◆ WHAT IS REQUIRED:
If a line in the data below contains the word "pour", copy it out.

◆ GIVEN RECORDS:
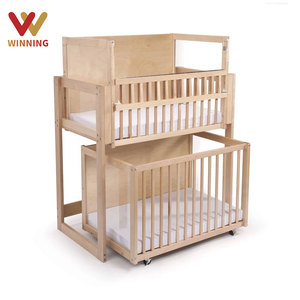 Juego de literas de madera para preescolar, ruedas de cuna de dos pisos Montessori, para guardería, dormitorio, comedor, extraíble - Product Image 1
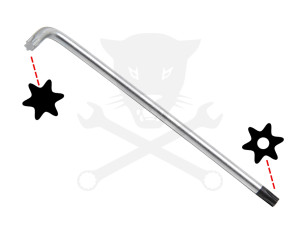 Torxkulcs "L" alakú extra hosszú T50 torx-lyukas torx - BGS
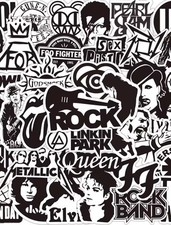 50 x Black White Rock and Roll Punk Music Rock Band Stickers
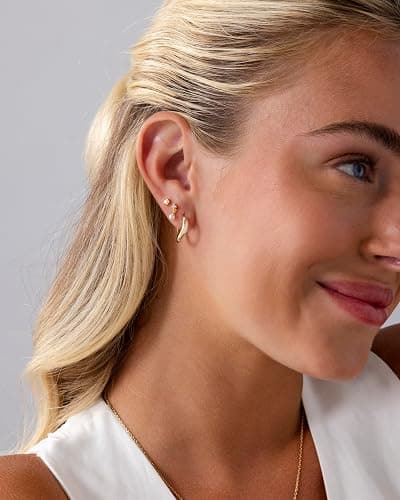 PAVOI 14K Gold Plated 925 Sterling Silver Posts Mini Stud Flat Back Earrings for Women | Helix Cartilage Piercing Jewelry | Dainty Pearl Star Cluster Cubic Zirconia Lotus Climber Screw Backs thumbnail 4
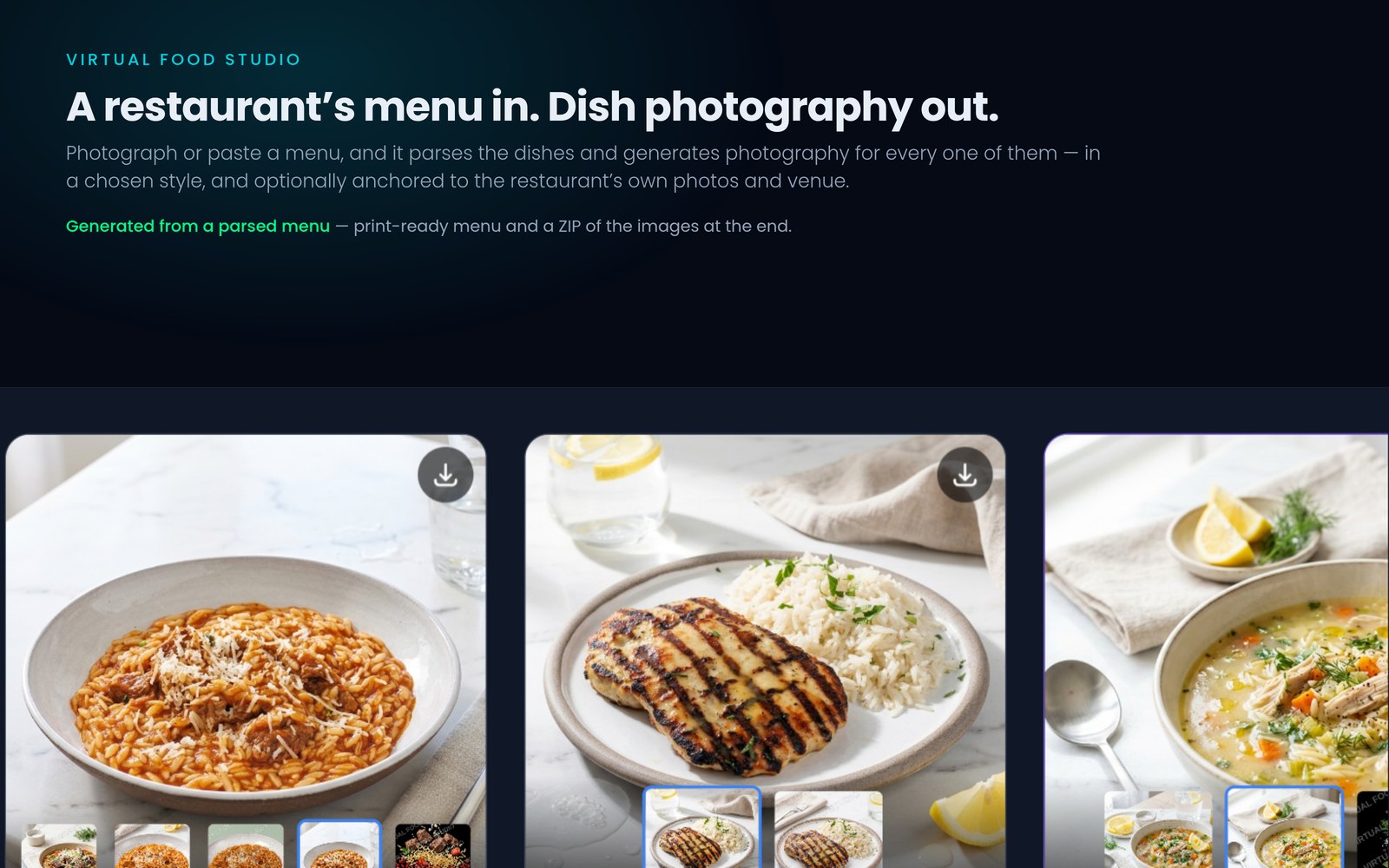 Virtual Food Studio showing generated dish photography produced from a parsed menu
---
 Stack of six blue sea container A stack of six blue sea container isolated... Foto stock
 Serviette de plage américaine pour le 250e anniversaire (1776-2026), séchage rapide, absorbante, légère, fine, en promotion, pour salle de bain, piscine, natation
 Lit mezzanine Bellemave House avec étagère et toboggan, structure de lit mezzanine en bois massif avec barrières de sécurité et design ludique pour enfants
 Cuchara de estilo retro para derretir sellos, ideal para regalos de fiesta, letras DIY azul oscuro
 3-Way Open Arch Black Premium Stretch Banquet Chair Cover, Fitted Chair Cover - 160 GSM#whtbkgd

◆ OUTPUT BELOW:
 Serviette de plage américaine pour le 250e anniversaire (1776-2026), séchage rapide, absorbante, légère, fine, en promotion, pour salle de bain, piscine, natation
 Lit mezzanine Bellemave House avec étagère et toboggan, structure de lit mezzanine en bois massif avec barrières de sécurité et design ludique pour enfants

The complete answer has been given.